» Your task
Only the text of the records belongs in the answer, copied exactly and without pictures.

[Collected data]
------------------------------------------------------------

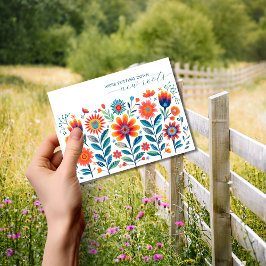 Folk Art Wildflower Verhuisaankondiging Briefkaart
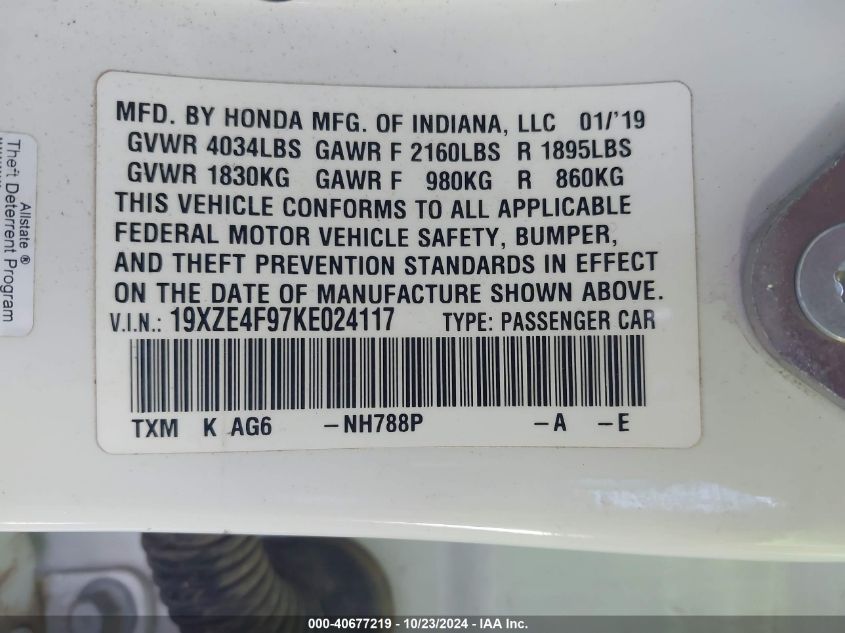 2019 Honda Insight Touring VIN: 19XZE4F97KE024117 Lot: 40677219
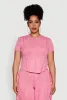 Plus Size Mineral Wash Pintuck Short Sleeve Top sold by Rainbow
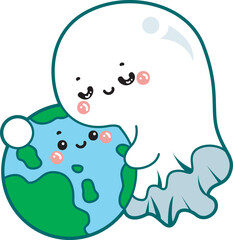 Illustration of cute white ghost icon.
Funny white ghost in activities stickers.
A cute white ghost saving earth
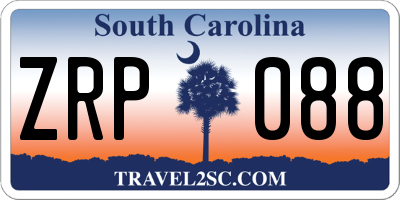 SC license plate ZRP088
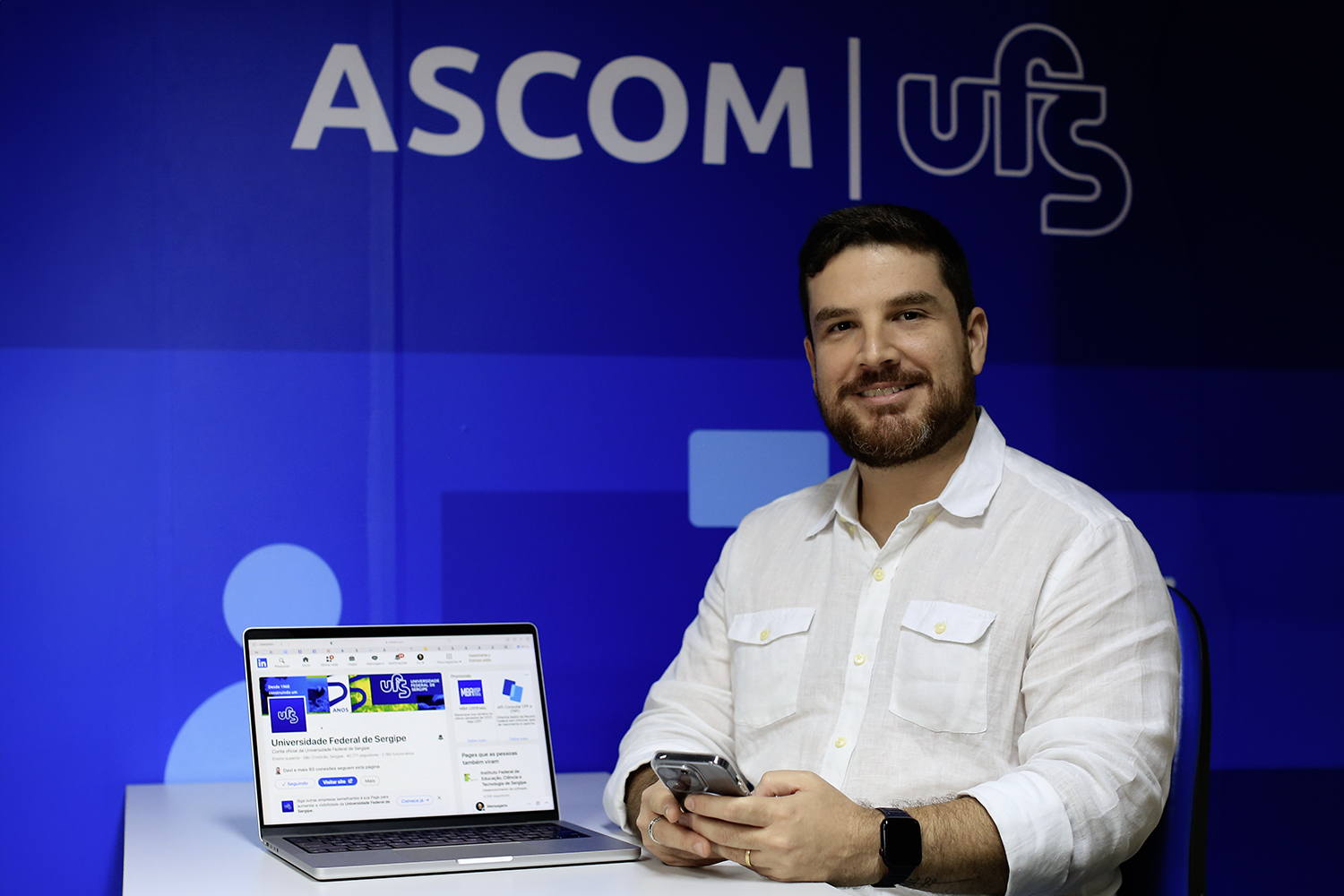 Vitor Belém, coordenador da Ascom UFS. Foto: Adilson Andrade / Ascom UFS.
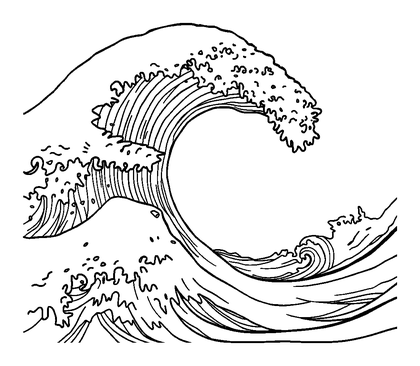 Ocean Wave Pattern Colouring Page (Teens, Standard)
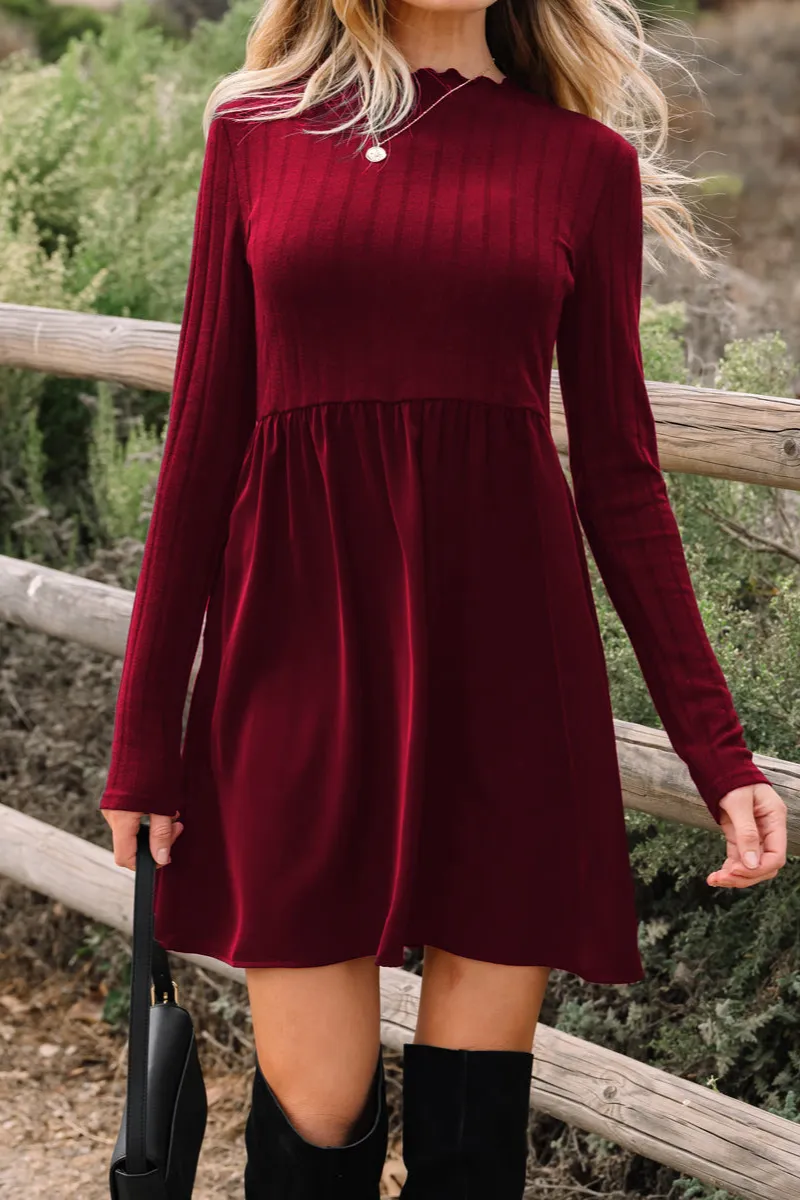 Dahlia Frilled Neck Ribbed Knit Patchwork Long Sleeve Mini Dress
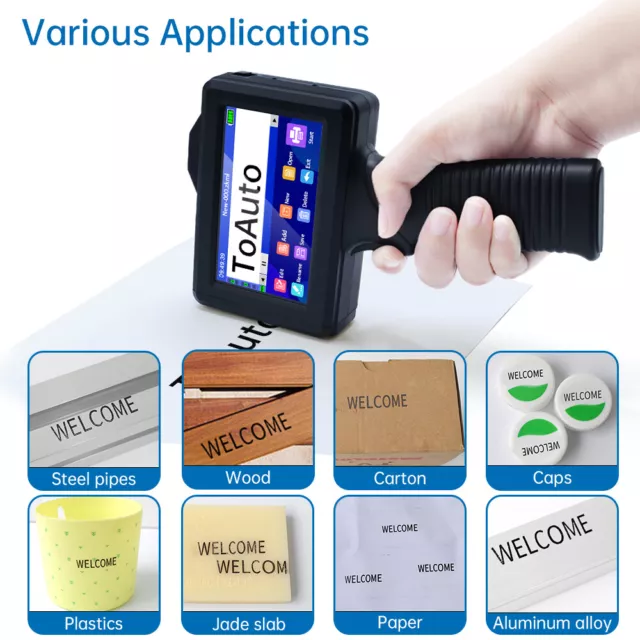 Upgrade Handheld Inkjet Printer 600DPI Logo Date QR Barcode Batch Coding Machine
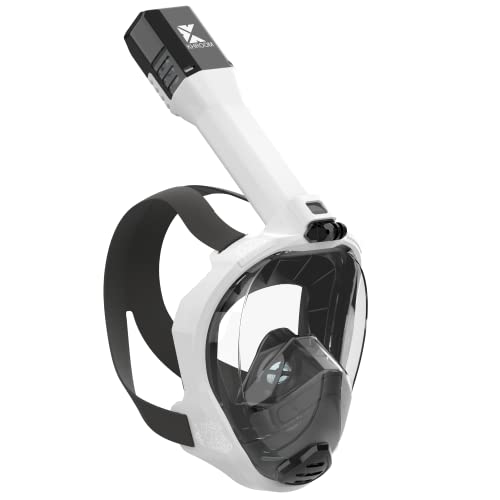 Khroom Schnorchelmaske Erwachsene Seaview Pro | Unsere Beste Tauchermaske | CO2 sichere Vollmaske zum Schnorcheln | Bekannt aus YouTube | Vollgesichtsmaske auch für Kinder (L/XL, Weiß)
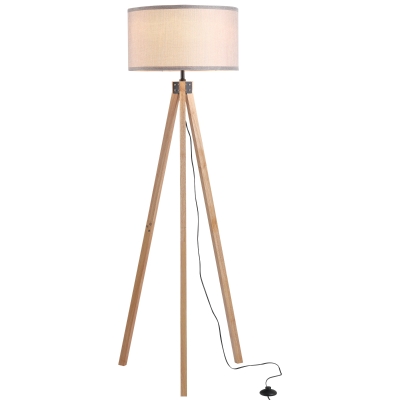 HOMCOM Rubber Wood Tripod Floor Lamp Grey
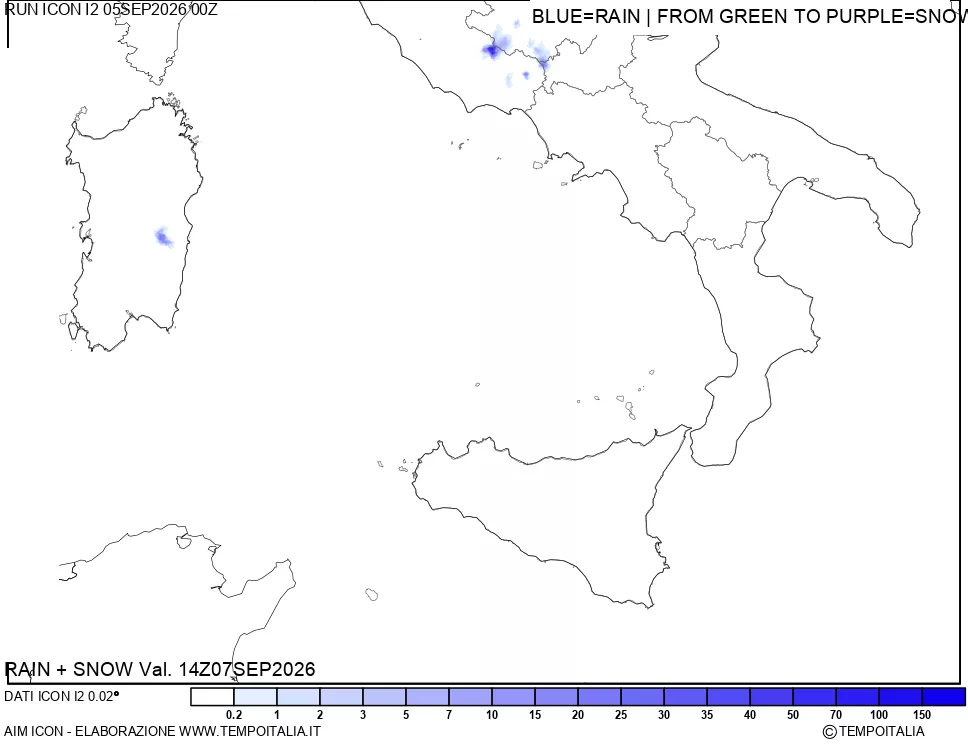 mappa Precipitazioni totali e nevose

------------------------------------------------------------

» Reply
 Folk Art Wildflower Verhuisaankondiging Briefkaart
 2019 Honda Insight Touring VIN: 19XZE4F97KE024117 Lot: 40677219
 Plus Size Mineral Wash Pintuck Short Sleeve Top sold by Rainbow
 Illustration of cute white ghost icon.
Funny white ghost in activities stickers.
A cute white ghost saving earth
 SC license plate ZRP088
 Vitor Belém, coordenador da Ascom UFS. Foto: Adilson Andrade / Ascom UFS.
 Ocean Wave Pattern Colouring Page (Teens, Standard)
 Dahlia Frilled Neck Ribbed Knit Patchwork Long Sleeve Mini Dress
 Upgrade Handheld Inkjet Printer 600DPI Logo Date QR Barcode Batch Coding Machine
 Khroom Schnorchelmaske Erwachsene Seaview Pro | Unsere Beste Tauchermaske | CO2 sichere Vollmaske zum Schnorcheln | Bekannt aus YouTube | Vollgesichtsmaske auch für Kinder (L/XL, Weiß)
 HOMCOM Rubber Wood Tripod Floor Lamp Grey
 mappa Precipitazioni totali e nevose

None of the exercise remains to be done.